A 2011 paper called Private Finance in Austerity addresses two problems of PFI budgets, 1) they are ring-fenced from cuts and 2) they’re indexed to inflation.

Professor of Public Health Allyson Pollock writes: “Although PFI charges preempt between 0.4% and 18.6% of annual hospital trust income, PFI contractors are insulated from efficiency targets.” In other words, PFI debt obligations are immune from cuts. This forces hospitals to make wider and deeper cuts across the rest of their services to continue meeting payments for PFI services.

But PFI contracts are notoriously inefficient and wasteful. For example, maintenance is often handled by off-site contractors who must be brought in to do menial tasks such as changing light-bulbs and moving heavy equipment. This expensive service is fairly unnecessary and the sort of thing a hospital manager would axe to save money. But PFI contracts forbid this. Cuts to other areas, like clinical stuff, hospital beds and drugs budgets must be more brutal to compensate.

This year inflation rates have been at 4%, the highest in nearly two decades. PFI contracts are indexed to inflation, meaning the amount of money owed by hospitals is not fixed but rises with the inflation rate. For instance, if a PFI payment was £100 million last year, it will be £104 million this year. And, if inflation rates continue to rise, £108 million in 2012.

While hospital managers are frantically laying off staff and closing wards to meet ‘efficiency’ targets, PFI contracts are demanding more and more money to provide exactly the same service. This eats even further into frontline service budgets.

So, PFI has our hospitals in a mess but the government does have a trump card, if it wants to play it.

Pollock’s paper notes that some of the biggest PFI project money lenders of the last decade were the bailed out banks RBS, HBOS and Lloyds.

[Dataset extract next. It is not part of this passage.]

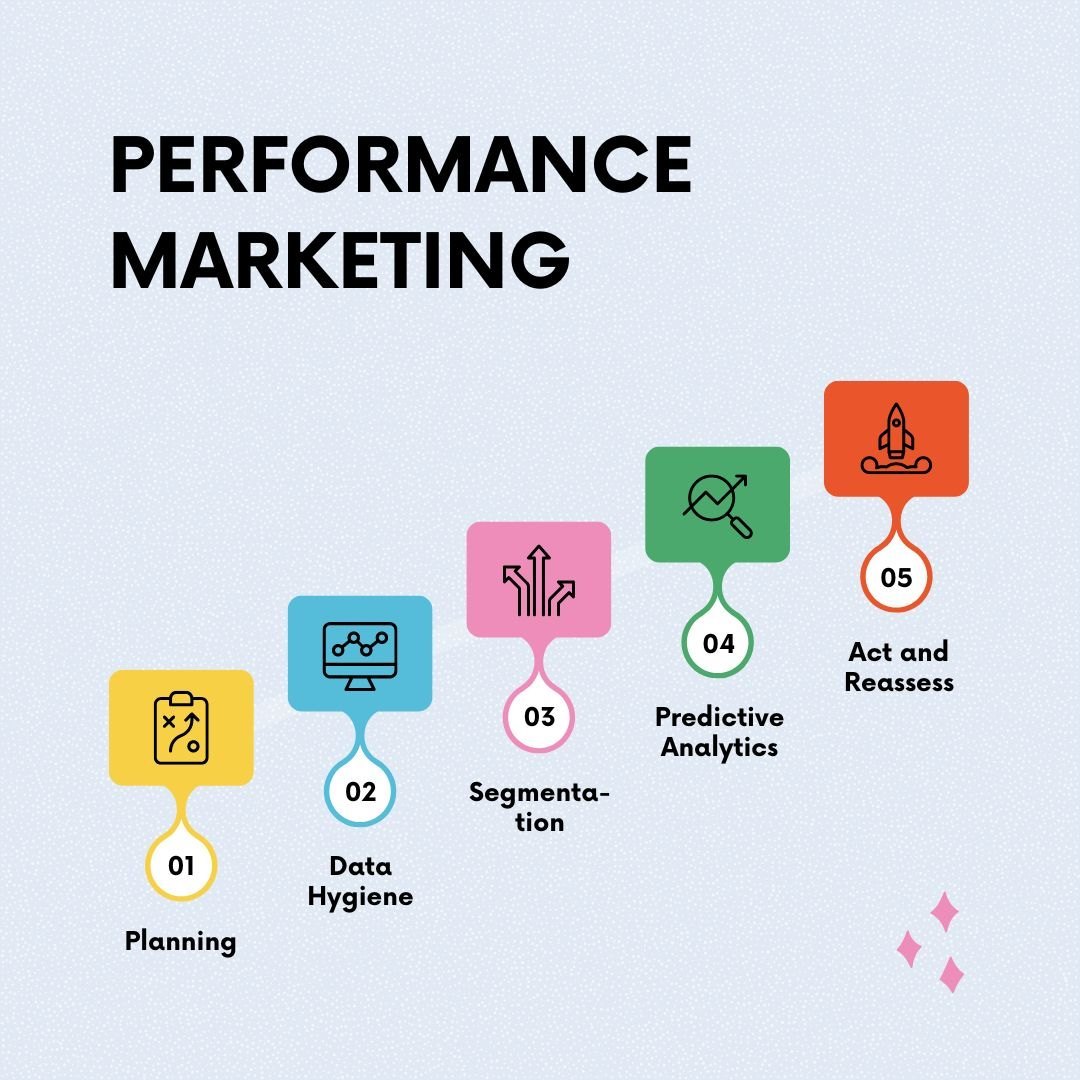 performance marketing australia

Public ownership of these banks provides an ideal opportunity to renegotiate PFI interest rates and pass these savings on to hospitals.

... when they planted these signs around London hospitals one night, a few weeks back

She writes: “The government rescue means that bank ownership and its attendant risks have been transferred, completely or in part, from the private sector back to the public and the taxpayer. However, the case for paying bank lenders and shareholders higher interest rates under PFI rests on the claim that risk has been transferred to them. There can be no case therefore for not reopening these contracts. Management consultants, McKinsey & Company, estimated last year that a reduction of 0.02 to 0.03 percent in interest charges paid to contractors by NHS hospitals could save £200m a year.”

This would, of course, require joined up thinking and an admission that markets do not correct themselves but need regulation and intervention… Don’t hold your breath.